Everyone is anticipating the unveiling of three new iPhones, plus new Apple Watch models and new AirPods, among other things, at the company’s annual event coming in just a few weeks.
One of the big questions remaining is the actual date of the event itself, widely expected at this point to be Sept. 12. A report out of Europe today adds more fuel to expectations that will definitely be the day of Apple’s annual iPhone-centric event, with French radio station Europe 1 citing unnamed sources to report the event is set for Sept. 12 at Steve Jobs Theater. Ten a.m. local time would be the start, as usual.
Apart from the report today, we can also use some existing clues to make an educated guess that only reinforces Sept. 12 as the likely date of the event:
If history is any guide, we can look at the fact that Apple’s iPhone events are always held on Tuesdays or Wednesdays. This year, Sept. 12 is a Wednesday.

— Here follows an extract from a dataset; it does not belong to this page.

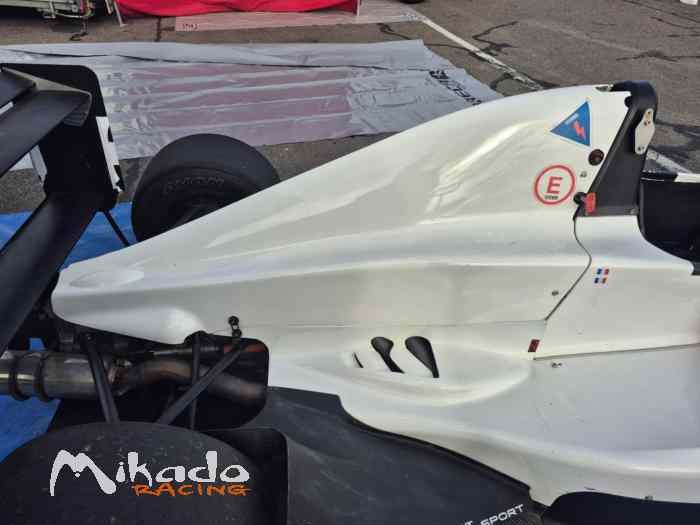 Recherche capot arriére Tatuus FR2000 jusque 2008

Monday, Sept. 3, is also Labor Day, and MacRumors speculates that also points to Sept. 12 because the company won’t want media traveling to the event getting snarled up in holiday weekend traffic.
Sept. 11, a Tuesday, wouldn’t likely be the date because of the somber anniversary of that day. There’s also been some reporting that pre-orders for the next iPhone will start on Friday, Sept. 14.
The closer we get to the date, the rumor mill is certainly working overtime, with leaks and speculation piling up fast. Earlier today, in fact, we noted that Bloomberg has sources reporting that Apple’s new iPhones will feature “a wider range of prices, features and sizes” than last year’s iPhone slate but will stick to the near bezel-free design introduced last year.
“None of the three iPhones will be wholly new designs like the iPhone X was last year or the iPhone 6 in 2014, with some inside Apple labeling the launch as an ‘S year,’ a designation the company has given to new handsets that retain the previous design but add new internal features,” Bloomberg reports. “The company is planning more significant changes for next year, they added.”
Bloomberg goes on to note that Apple isn’t as focused on bringing in millions of new iPhone users these days so much as it is on incrementally raising average prices for the devices, plus expanding the number of active devices. Which would support the sale of accessories and services like Apple Music that the company is heavily focused on expanding these days.
Along those lines, the news service also quotes veteran Apple analyst Gene Munster, who notes that the iPhone is in a 0-to-5 percent annual growth mode today. He says the news coming in just a few weeks will likely help keep the iPhone set on that path.